Real Estate Reforms – what to expect in 2013

The year 2013 is expected to be a landmark year as far as reforms in the real estate sector are concerned. Some of the major reforms initiated in the previous years are likely to be implemented this year. One can expect all or majority of the following in the year 2013.

1) Real Estate Regulation Bill

The much waited ‘Real Estate (Regulation and Development) Bill is likely to be tabled in the forthcoming budget session of the parliament. The bill aims at establishing a regulatory authority for enforcing fair practice and accountability norms and fast track dispute resolution mechanism in real estate transactions.

Some of the key features of the bill are :

  • Setting up a real estate regulator in each state
  • Launch of new project only after registration with the state regulator
  • Developers to stick to approved plans
  • Developers to deposit 70% of the amount from sale of project is a separate bank account which shall be used only for the development of that project
  • Adjudicating disputes between property buyers and developers
  • In case of default, the developer will have to refund the money to buyers
  • Developer to pay interest at prescribed rate for delays in completion of project
  • Prescribes penalties and punishments (including imprisonment) for developers in case of default
  • Naturally, the developers are not very happy with the bill and majority of them have been opposing it. Their stand has been that the real estate sector is already over regulated.    The developers have to comply with numerous regulations and obtain a number of approvals from various government authorities (Local, State and Central) before the project      can see the light of the day. Adding one more regulator will further burden them and make it difficult for them to operate.

  • Nonetheless, the real estate regulator is required for the protection of the interest of the property buyers at large and the government (state as well as central) now seems determined to introduce the same.

    2) Single Window Clearance and online approvals

    The developers have been screaming their lungs out as to how complying with numerous regulations and obtaining approvals from multiple authorities is causing hardship to them and leading to delays in execution of projects. It takes anywhere between 1 to 3 years or even more, after the identification/acquisition of land to obtain various approvals before the project can be launched. Even after the launch of project, there is possibility of further delays on account of change of some regulation or introduction of some new regulation. This not only discourages investment in the real estate sector but also leads to increase in the cost of the project which is ultimately passed on to the property buyers. The entire real estate sector in India is plagued with problem of delays and it’s the property buyers who ultimately suffer the most on this account.

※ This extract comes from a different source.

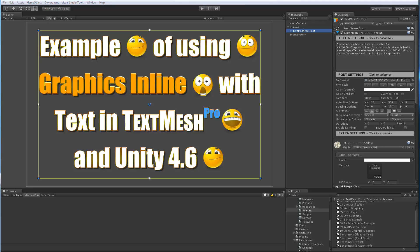Hello everyone. In this video we're going to take a look at the new Sprite Tag feature that is part of the latest beta release of TextMesh Pro. This latest release is available to all registered users of the product on the TextMesh Pro User Forum. So let's take a look at this new Sprite Tag feature and what it does.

The developers have been demanding a single window clearance mechanism for projects for quite some time.

    Considering that approvals are required from Local, State and Central authorities, it may not be practical to have a single window clearance mechanism in its true sense.

    Nevertheless, the Central Government has finally yielded to the developers demand and has appointed a committee to streamline the approval procedure, fast track the approvals and put up the status of approvals online.

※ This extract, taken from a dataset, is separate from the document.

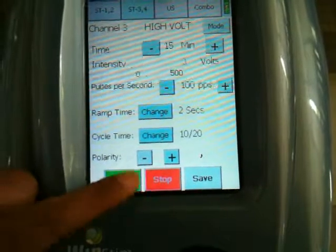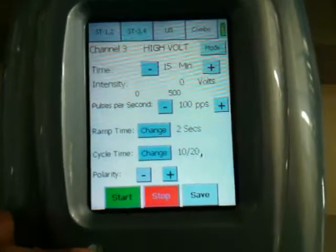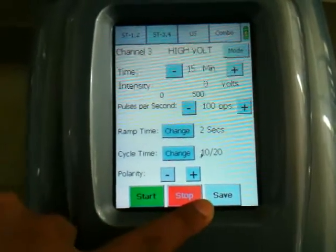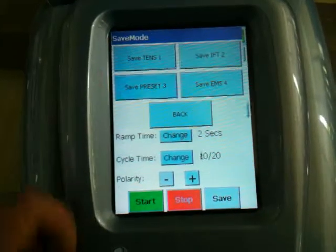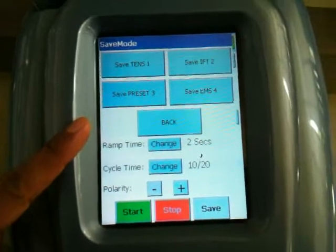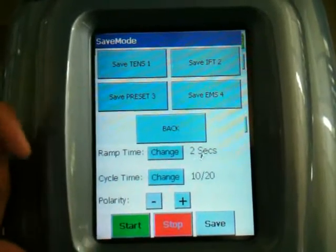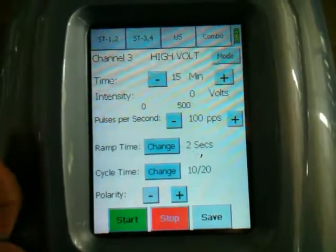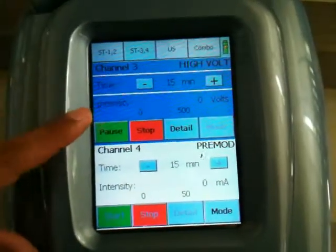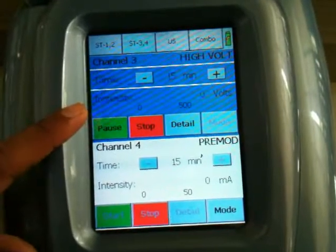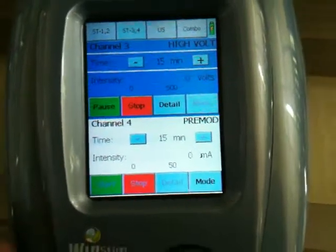Polarity can be selected as positive and negative. We have a save button to store the customized treatment in a memory location. We can save in either of the 4 memory allocations provided in the unit. After saving, we can start the treatment. The blue window will show the active channel and we can increase the intensity through the knob.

    Faster approval will help developers to bring down the cost escalations due to delays which go up to 40%. It remains to be seen how much of this will be passed to the home buyer.

    Uploading the approval status of the project on the internet will be a great relief to the home buyers who currently rely on the developers word that all the approvals are obtained only to see, after substantial payment has been made, that the project is stuck up for want of some approval or the other.

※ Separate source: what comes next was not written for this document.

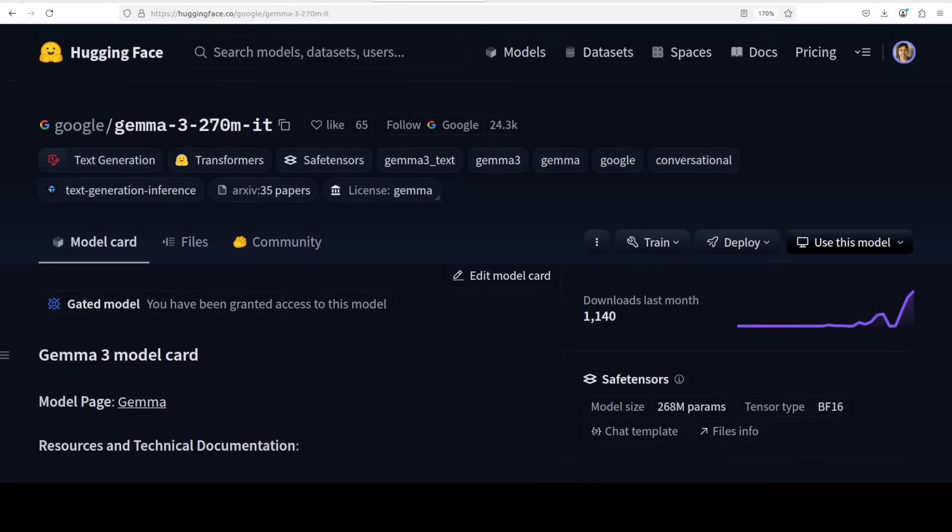Google has quietly dropped their smallest member of the Gemma 3 family, which is this 270 million parameter model. This is the latest open source language model from Google which also comes in base template, which means that you can fine-tune it on your own use case.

    3) Land Acquisition Bill

    The much talked about ‘Land Acquisition, Rehabilitation and Resettlement Bill’ is likely to see the day of light in 2013. The bill seeks to provide fair compensation to land owners in rural as well as urban areas and fair rehabilitation of landowners and those directly affected from loss of livelihood due land acquisition.

    Key Highlights of the bill are:

  • The process of land acquisition will involve a Social Impact Assessment Survey, a preliminary notification stating the intent of acquisition, declaration of acquisition, timeframe for      payment of compensation etc.
  • Specific provisions for rehabilitation and resettlement of people affected by acquisition
  • Compensation for the owners of acquired land shall be 4 times the market value in case of rural areas and 2 times the market value for urban areas
  • Government will not acquire land for private companies for private purpose
  • Consent required of 80% of land owners for any private project of public purpose and of 70% for public private partnership
  • No consent of landowners required for any acquisition for government projects
  • 4) Industry Status for Real Estate Sector

    The real estate sector is the 2nd largest employment generator after agriculture and contributes over 5% to GDP growth. But surprisingly it is still not been regarded as an industry.

    This year, the government is likely to given in to the long pending demand of the developers of according industry status to the real estate sector.

    The biggest benefit of this will be that it will enable developers to raise finance from banks and other financial institutions more easily and also at lower rate.

    In will also bring in more transparency and remove many procedural hurdles thereby attracting more investment in this sector.

    All in all the real estate sector is poised for a major transformation this year which could bring the much needed transparency and professionalism and thereby attracting more investment as well as talent to the sector.